Mehr denn je machen sich in den Messehallen 3 mit deutschsprachiger Literatur ganze Länder-Stände breit. Da sind nicht nur die Schweiz und Luxemburg vertreten, sondern auch fast alle Bundesländer: „Publish in Bavaria“, trompetet es am internationalen Verlagsstandort Bayern; gegenüber liegt die „Ideentanke“ Baden-Württemberg, aber wenn dort solche Ideenfunken fliegen wie die hochgradig albernen Monstermützen, mit denen die Messe-Hostessen dort herumlaufen müssen, dann: „Gut’s Nächtle“.

Queen Elizabeth II. in Büchern und Kalender

Bücher über Elizabeth II. sind en vogue („Die aktuellste Biografie der Queen“), und ihr Landsmann Jamie Oliver hat den Eintopf entdeckt, der heutzutage selbstverständlich nicht so heißen darf, sondern „One Pot“. Der Star-Koch kommt allerdings als einer der letzten auf diesen Trend. Andere sind schon bei „Camping für die Seele – yes, we camp!“ oder der „Winter-Grill-Bibel“, die wiederum nicht im Programm der „Christlichen Literatur-Verbreitung“ aus Bielefeld zu finden ist.

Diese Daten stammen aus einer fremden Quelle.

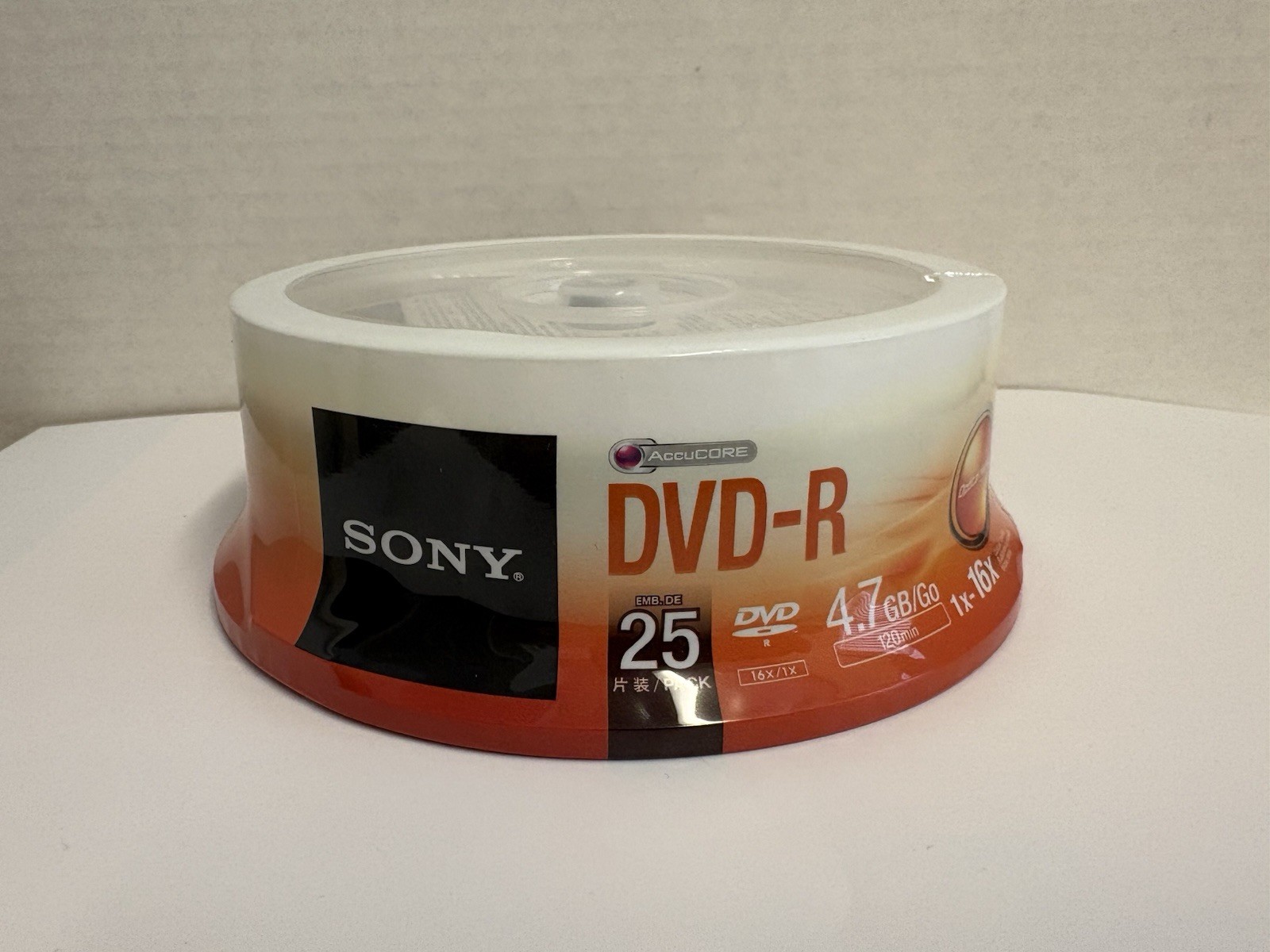 Sony 16x DVD-R 4.7GB Recordable DVD 25 Pack Spindle New/Sealed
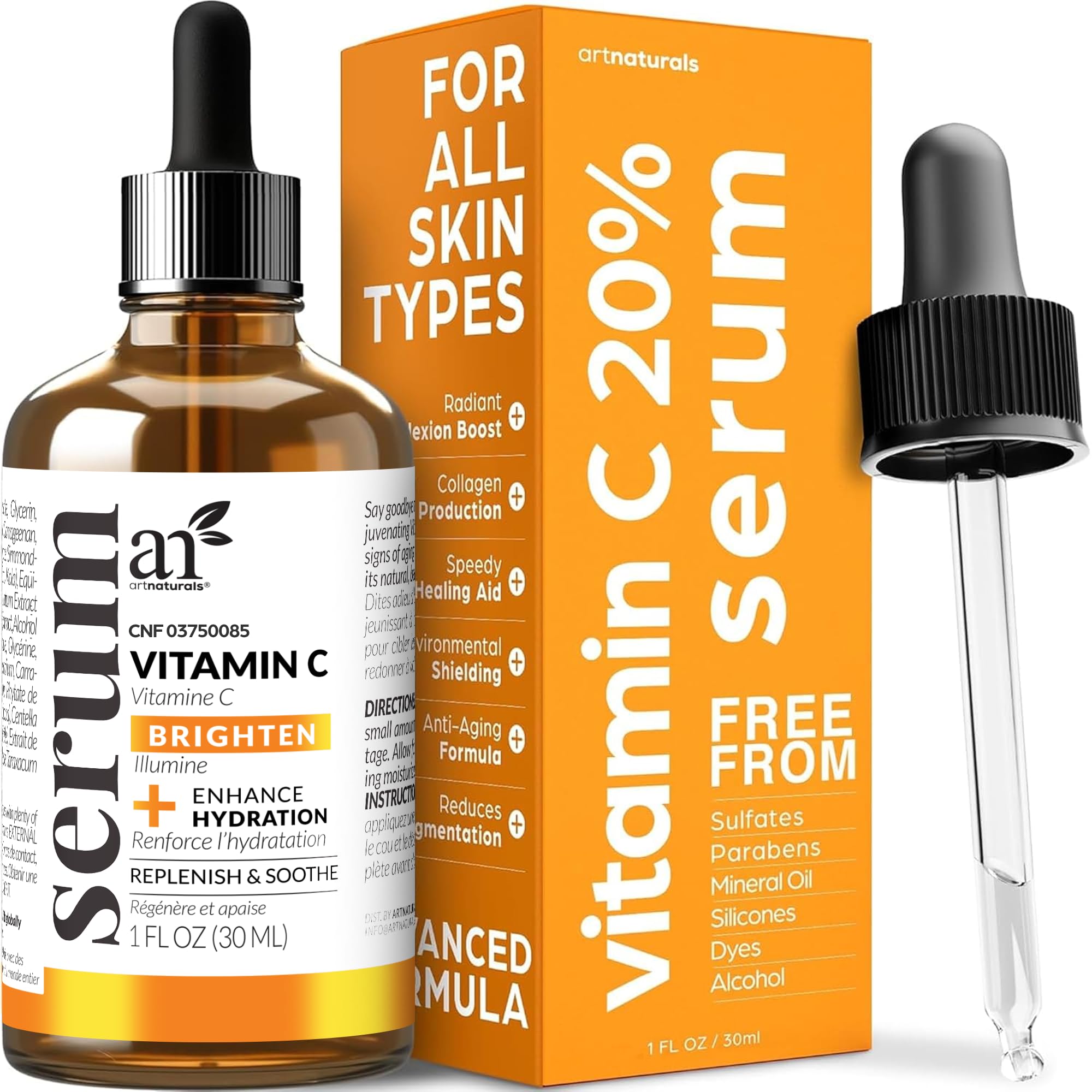 ArtNaturals Anti-Aging Vitamin C Serum - (1 Fl Oz / 30ml) - with Hyaluronic Acid and Vit E - Wrinkle Repairs Dark Circles, Fades Age Spots and Sun Damage - Enhanced 20% Vitamin C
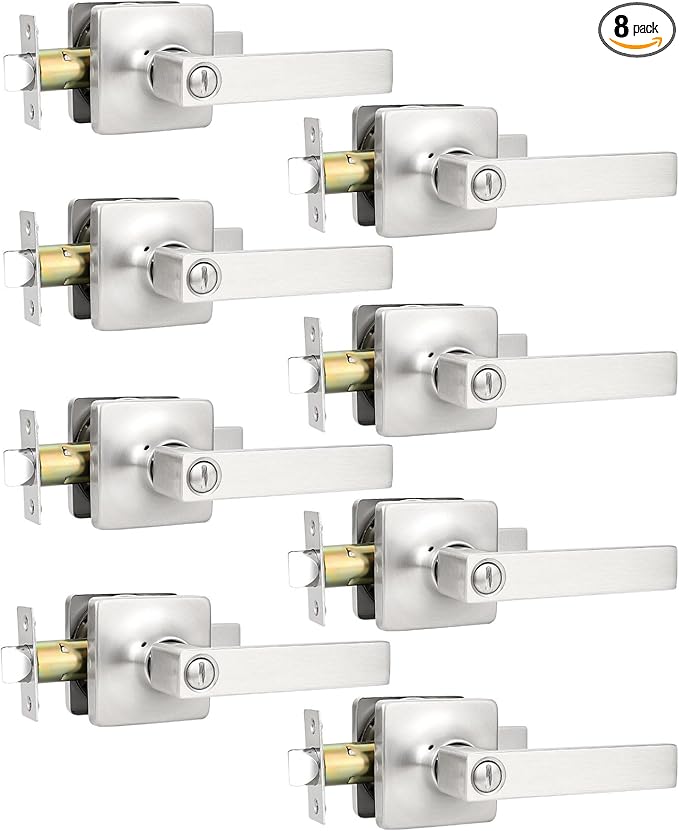 GOBEKOR 8 Pack Privacy Door Handles - Brushed Nickel Interior Door Handles with Lock Square Lever for Bedroom Bathroom Keyless Privacy Lever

Ohne Buchmesse wüsste man vielleicht auch nicht, dass es ein „Bayerisches Kulturzentrum der Deutschen aus Russland“ gibt oder welche Bücher der Karl-Rauch-Verlag außer dem „Kleinen Prinzen“ von Antoine de Saint-Exupery macht, der ihn seit Jahrzehnten über Wasser hält.

„EU-Pass“ mit Lyrik

Für Mitbringsel-Jäger bietet der eine Verlag Lesezeichen im Buchdesign seiner Historienschinken-Königin Rebecca Gablé, während ein Kleinstverlag origineller Weise „EU-Lyrik“ im opischen Gewand eines Reisepasses anbietet, der sogar mit einem vor Ort angefertigten Passbild ergänzt werden kann. Viel stiller ist es an einem Stand, den ebenfalls die Bundesregierung fördert und an dem Bücher aus Nordmazedonien, Ruanda und Haiti präsentiert werden, die sich einen Messe-Auftritt sonst nicht leisten könnten. Hier gibt es, Seit’ an Seit’ und kaum besucht, auch Kinderbücher aus dem Iran und Comics aus der Ukraine.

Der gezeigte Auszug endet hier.